Christine Lagarde refuses any cancellation of public debt (BFMTV screenshot)
Christine Lagarde refuses any cancellation of public debt (BFMTV screenshot)
EU. Christine Lagarde's response to the manifesto published by a hundred or so economists calling for the cancellation of the public debt held by the European Central Bank was not long in coming. The President of the ECB said in an interview on BFMTV on Sunday 7 February 2021 that this was "unthinkable".

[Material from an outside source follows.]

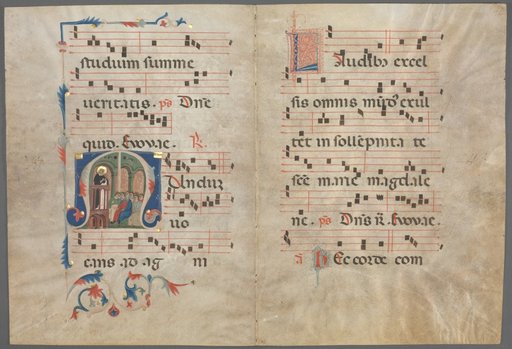 Bifolium from an Antiphonary: Initial M with Saint Dominic Preaching and Music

The signatories of this text, which appeared on Friday 5 February 2021 in nine European newspapers in French, English, German, Italian and Spanish, stressed that nearly 25% of European public debt was in the hands of the Central Bank. "We owe ourselves 25% of our debt", they were astonished to plead for the cancellation of public debts or their transformation into interest-free perpetual debts. In exchange, they suggested that states would commit to "invest the same amount in ecological and social reconstruction".

Christine Lagarde develops several arguments for refusing the cancellation of public debts. Firstly, the president of the ECB points out that this is "legally impossible, it would be a violation of the eurozone treaty (...) This treaty says that you cannot turn the banknote printing press around to finance state spending". This is Article 123: "To my knowledge, there is no unanimity of the Member States to revise the Treaty", she added.
 

"Debts are managed over a long period of time"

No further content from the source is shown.